Ce n’est pas tous les jours fête
“Ce qui sauva la soirée fut le film réalisé par
l’anthropologue française Colette Piault sur un petit
village grec… Il n’y avait ni insistance, ni angle de tournage
sensationnel, juste un film direct, plein d’information et d’amour.”
(Expressen Stockholm - 9.9.83)
“La réalisatrice étrangère a mis toute sa
sensibilité au service d’une description soigneuse de
cette Grèce si proche et en même temps si lointaine.”
(Elefterotypia, Athènes 3.5.81)
“Ce film présente un changement bienvenu par
rapport aux films ethnographiques plus conventionels qui tendent à être
de mini-monographies. Un tel film est nécessaire pour équilibrer
l’image de la Grèce et d’une petite communauté villageoise
telles quelles sont montrées à travers d’autres
médias. De plus, le film atteint son premier but qui était
de s’adresser à la sensibilité. Le spectateur
a vraiment l’impression d’être dans un village
grec… C’est un bon film, un document important et il mérite
un large public.”
(Peter S. Allen, American Anthropologist, n° 84, 1982)
Au fil de l’aiguille
“C’est un beau petit film. Les sujets ne prêtent
pas attention à la caméra et parlent ouvertement sans
timidité. En outre, la réalisatrice a saisi quelques
détails exquis comme la jeune fille sur son âne ajustant
l’ourlet de sa robe, geste qui renvoie directement au sujet principal
du film.”
(Peter S.Allen, American Anthropologist, N° 86, 1984)
Charbonniers
“Ce film peut sembler traiter des processus techniques de la
fabrication du charbon de bois, mais il est bien plus que cela. Il
est entre autres, un exposé sur les discours que tiennent les
hommes et les femmes dans la société grecque à propos
de la nature et de la conceptualisation du travail... C’est un
film qui se sert d’un récit présent pour construire
une narrativité refléxive qui émerge chez le spectateur.
Je l’ai aimé.”
(Paul Sant Cassia, American Anthropologist, 1992)
“Nous recommandons le film Charbonniers qui présente
un aspect étrange et inhabituel de la culture européenne.
Les hommes et les femmes expriment des points de vue sincères à propos
de leur métier itinérant et physiquement dur de charbonnier.
Des images visuellement obsédantes, mémorables et parfaitement
composées transmettent une impression plus profonde que des
mots ne pourraient le faire. A travers ce cinéma d’observation,
la réalisation reflète l’approche de l’ethnologue-cinéaste à la documentation culturelle.”
(Society for Visual Anthropology, AAA, San Francisco, 1992)
Let’s get married!
“Ce film parvient très bien à donner une bonne
idée d’un mariage dans le contexte de la migration et
du déclin villageois.

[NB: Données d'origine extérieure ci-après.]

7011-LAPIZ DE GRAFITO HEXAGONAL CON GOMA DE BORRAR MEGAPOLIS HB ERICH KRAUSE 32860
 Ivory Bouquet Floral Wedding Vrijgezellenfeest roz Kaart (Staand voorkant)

Cette présentation non-idéalisée
de la cérémonie, révèle vraiment, le talent
saisissant de Piault à dépeindre la vie paysanne sans
le romantisme ou la distance qui entourent si souvent de telles tentatives.”
(Susan B. Sutton, CVA Review, Fall 1990)
Ma famille et moi
“Ma famille et moi est de toute évidence le plus touchant des
films..... son trait le plus remarquable est une empathie réussie,
que l’on retrouve dans tous les films.”
(Michael Herzfeld in Visual Anthropology, Vol. 6, n° 1,
1993)
“Avec humour et délicatesse, ce film complexe juxtapose ces
deux mondes - la Grèce et l’étranger - et l’œil
de la caméra saisit combien l’expérience peut être
contradictoire pour ceux qui se meuvent entre les deux.”
(Jane K. Cowan in American Anthropologist, n° 90, 1988)
Retour au Brouck, le marais Audomarois, 40 ans plus tard
“C'est un film au rythme du marais, celui d'un bacove glissant au fil de l'eau, serein, paisible, et pourtant agité de nombreuses interrogations : sur les difficultés des maraîchers, la protection de ce milieu exceptionnel mais fragile, l'essor du tourisme...”
(L'Indépendant du Pas de Calais, 3 déc 2010)
“Les maraîchers de l'époque, conscients d'avoir été une génération charnière, ont répondu présent le temps d'un week-end de retrouvailles. Leurs échanges à bâtons rompus sur l'avolution et le devenir de la profession nourrissent ce documentaire.”